11.520: A Workshop on Geographic Information Systems |
11.188: Urban Planning and Social Science Laboratory |
Due Monday, Sept. 27, 2010
(1) Merging, editing, and saving tables: To do this lab, we'll have to learn a few more ArcMap techniques for merging and saving tables. There are hundreds of census variables and any Cambridge blockgroup map is likely to include only a small subset of them. To use other census data, we'll have to load these data into ArcMap and "join" them with the attribute table of the Cambridge blockgroup theme using a common geographic reference variable (such as the state-county-tract-blockgroup identifier, Stcntrbg). We may also need to compute new fields that normalize or otherwise combine multiple columns of the original data. But the official class datasets are "read-only" and ArcMap requires that you have write access to attribute tables in order to create and calculate new fields. So we'll also need to learn how to save local "writeable" copies of (extracts of) our class datasets.
(2) Spatial Joins: Suppose we'd like to compare the sales prices of Cambridge homes with the socio-economic characteristics of their neighborhoods. For example, we might want to know whether the high-priced sales tended to be in neighborhoods with highly educated adults. By drawing a pin-map of high-priced 1989 sales locations on top of a Cambridge block group map, we may be able to see a pattern. The block group map can be thematically shaded by educational attainment levels. With this map, we can 'see' whether high/low-priced sales cluster in neighborhoods with, for example, more (or less) educational attainment. But the pattern may be misleading or hard to interpret and we may want to quantify the relationship to measure the degree of association and to tag the sales data with the some of the characteristics of their neighborhoods. Much of the benefit of using GIS software depends on its tools for cross-referencing and reinterpreting data based on spatial location. We'll defer until later labs the more general and advanced tools for tagging data based on spatial proximity and we'll focus in this lab on simpler spatial joins and buffer creation.

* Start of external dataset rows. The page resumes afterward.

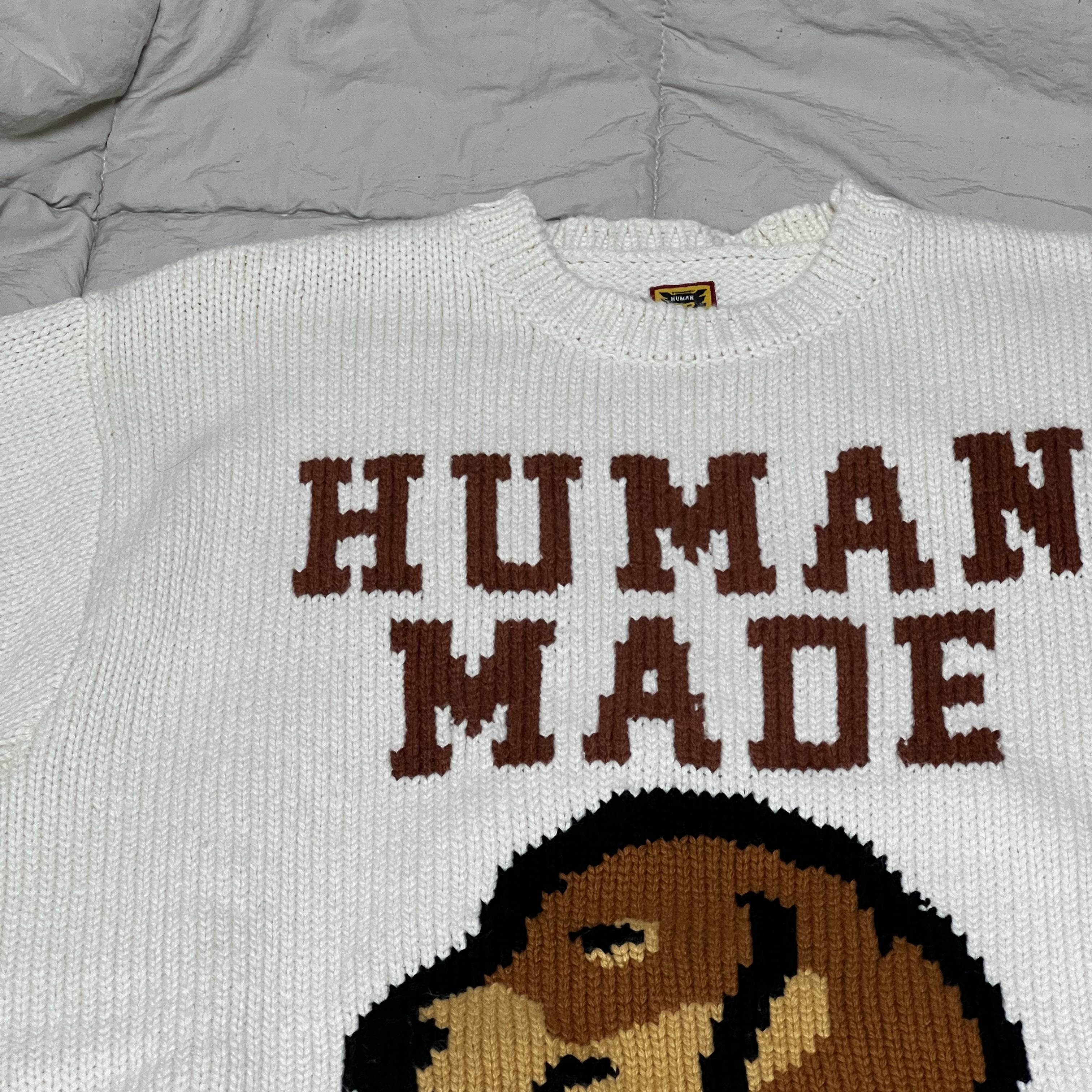 Human Made Dachs Knit Sweater White 착용 스타일 - 1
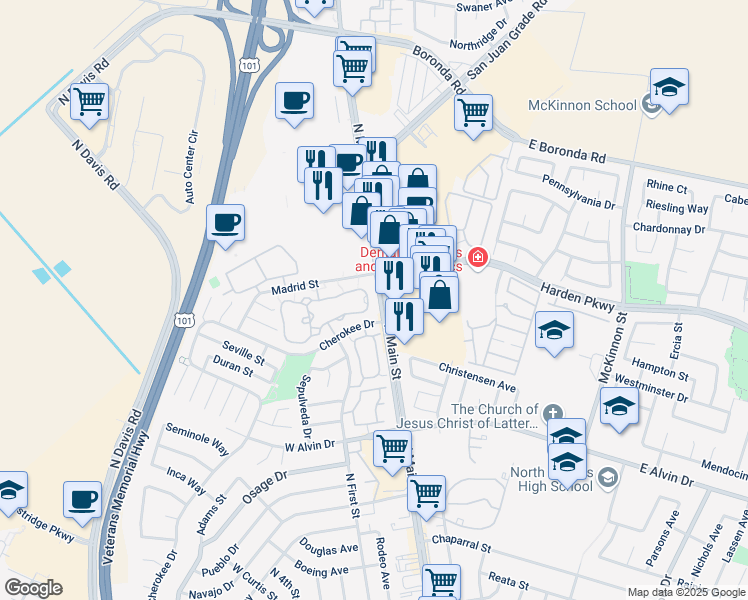 map of restaurants, bars, coffee shops, grocery stores, and more near 1807 Cherokee Drive in Salinas
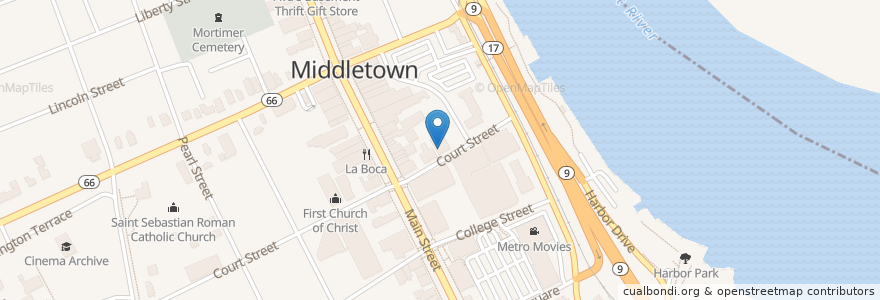 Mapa de ubicacion de Middletown Probate Court en アメリカ合衆国, コネチカット州, Middlesex County, Middletown.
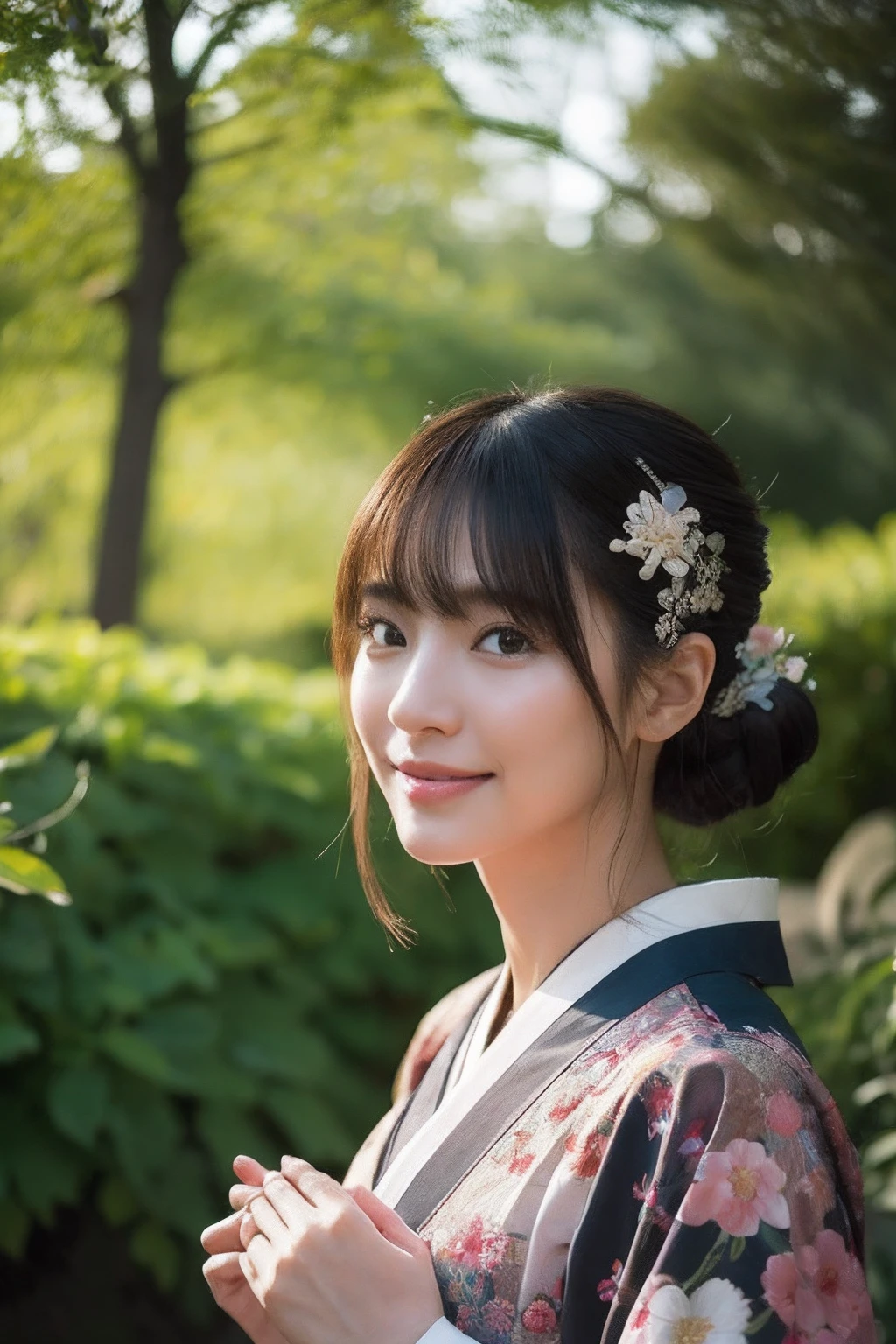(Photorealsitic:1.4), (Top image quality:1.0), (超A high resolution:1.0), 8K, Japanese 0.1 : Korean 0.1 : Taiwan 0.3、Raw photography, (masterpiece:0.2), (pureerosface_Right and left eyes or the same size、v1:0.5)、(Best Quality Detail:1.2)、realisitic、8K UHD、hight resolution、(1girl in:1.2)、The ultra-detailliert、High quality textures、intricate detailes、detaileds、Very detailed CG、High quality shadows、Detail Beautiful delicate face、Detail Beautiful delicate eyes、depth of fields、Ray traching,1girl in, Cute, slender, Black kimono, Kimono with Japanese pattern,Floral scrunchie, Beautiful skin, Facing the front,Sit down, Sit upright and say thank you,Align your hands elegantly,Smile faintly The Land of Japan,Japanese garden,Luxury Japanese-style room, skyporn, Magic Hour, (Realistic:1.3), Finely detailed, quality, (masutepiece:1.2), (Photorealistic:1.2), (Best Quality), (Intricate details),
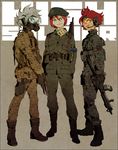  aqua_eyes armband assault_rifle bad_id bad_pixiv_id bandana belt belt_pouch beret blue_eyes boots camouflage combat_boots explosive gas_mask gloves grenade grey_hair gun handgun hat headset inazuma_eleven inazuma_eleven_(series) kiyama_hiroto left-handed m16 m4_carbine male_focus mask military military_uniform multiple_boys nagumo_haruya okomeuma pouch red_hair rifle silver_hair smile spiked_hair standing sunglasses suzuno_fuusuke uniform weapon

(3) Setting coordinate system: So far, the coordinate system of the data has already been preset for your use. However, in many cases, you may need to specify or change the coordinate systems associated with GIS datasets that you acquire. In this exercise, you will learn how to apply a suitable coordinate system to your datasets.
Now we will experiment with querying the data. Select "Select by Attributes" under the "Selection" menu. On the "Select by Attribute" window, make sure to choose Cambbgrp for the "layer" window. In this case, we don't need to worry about which layer to choose because we have only one layer. Otherwise, we have to pick up the correct layer from the drop-down list. In the method box, keep the default choice "create a new selection".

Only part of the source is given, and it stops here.